Pada masa mudanya, Marx bahkan mencoba menulis karya sastra sendiri, termasuk sebuah novel yang tidak pernah diselesaikan dan beberapa puisi. Meski percobaan ini mungkin tidak membawa ke puncak karir sastra, pengalaman ini memberikan wawasan tentang cara pandang Marx terhadap sastra dan bagaimana ia melihat sastra sebagai sarana untuk mengeksplorasi dan menyatakan gagasan.

Lebih lanjut, terdapat beberapa proyek yang dia rencanakan tetapi tidak sempat selesaikan, termasuk studi tentang teori seni dan budaya serta analisis tentang novel-novel Balzac. Hal ini menunjukkan bahwa minat Marx terhadap sastra bukan hanya sebagai pembaca tetapi juga sebagai kritikus dan teoretikus.
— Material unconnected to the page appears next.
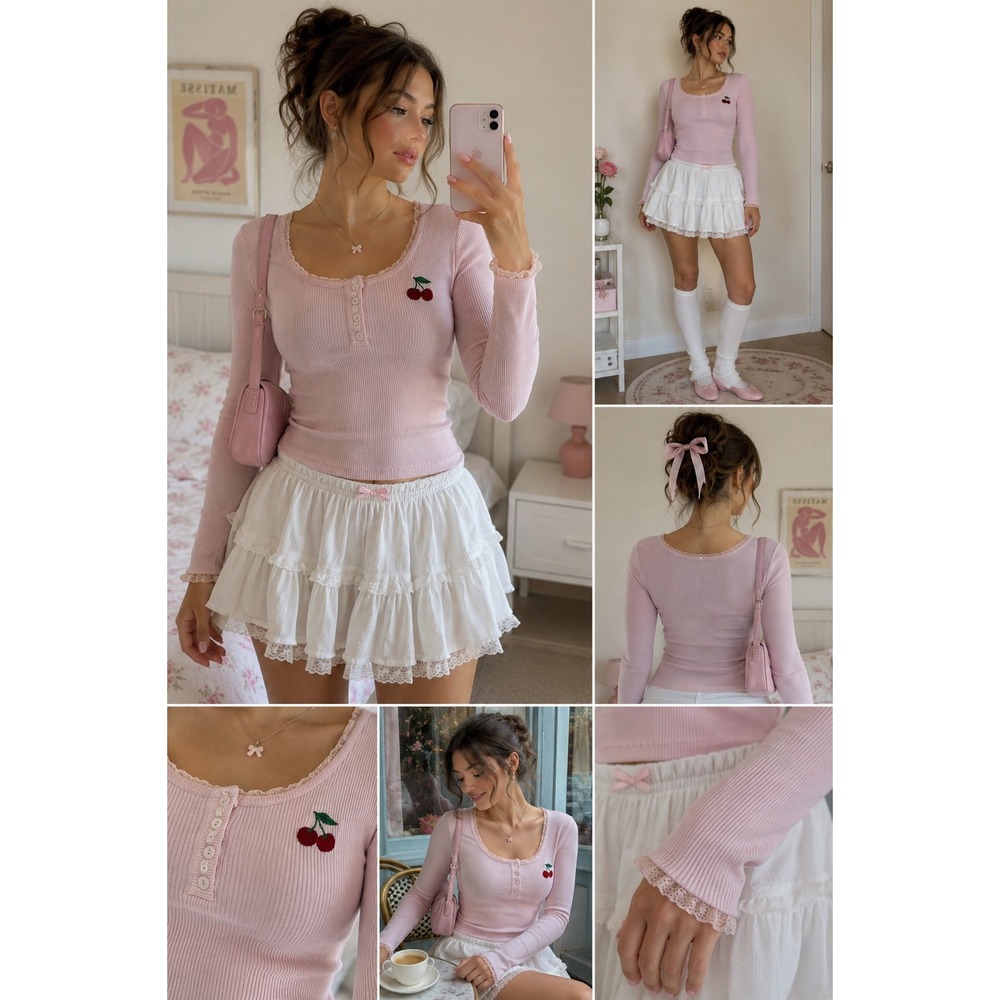 Madden NYC Pink Ribbed Knit Henley Top Lace Trim Cherry Embroidered Coquette M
Menurut Terry Eagleton, yang telah banyak berkontribusi dalam membahas aspek ini, keterlibatan langsung Marx dan kolaborator inteleknya, Friedrich Engels, dalam sastra sebenarnya cukup jarang dalam karya-karya mereka. Namun, ketika mereka berbicara tentang sastra, pendekatan mereka cenderung menganalisis bagaimana karya sastra menggambarkan dinamika sosial dan ekonomi, serta bagaimana sastra bisa menjadi alat untuk memahami lebih dalam kondisi sosial dan ekonomi suatu masa.

a. Kondisi Sosial Sastra

Wawasan Marxis dalam teorisasi sastra telah mendalam dan berpengaruh, terutama dalam pemahaman bahwa sebuah karya seni, sebagian besar, adalah hasil dari kondisi historis yang melahirkannya. Memahami sebuah karya seni sepenuhnya berarti mempertimbangkan dan menganalisis kondisi-kondisi tersebut. Karya seni bukan hanya sekedar kreativitas semata; ia adalah produk dari proses kerja yang kompleks, mirip dengan bagaimana situasi historis tertentu bisa mempengaruhi munculnya industri, pola kerja, dan distribusi sumber daya. Dalam konteks ini, jenis seni yang muncul juga merupakan cerminan dari situasi historis tersebut.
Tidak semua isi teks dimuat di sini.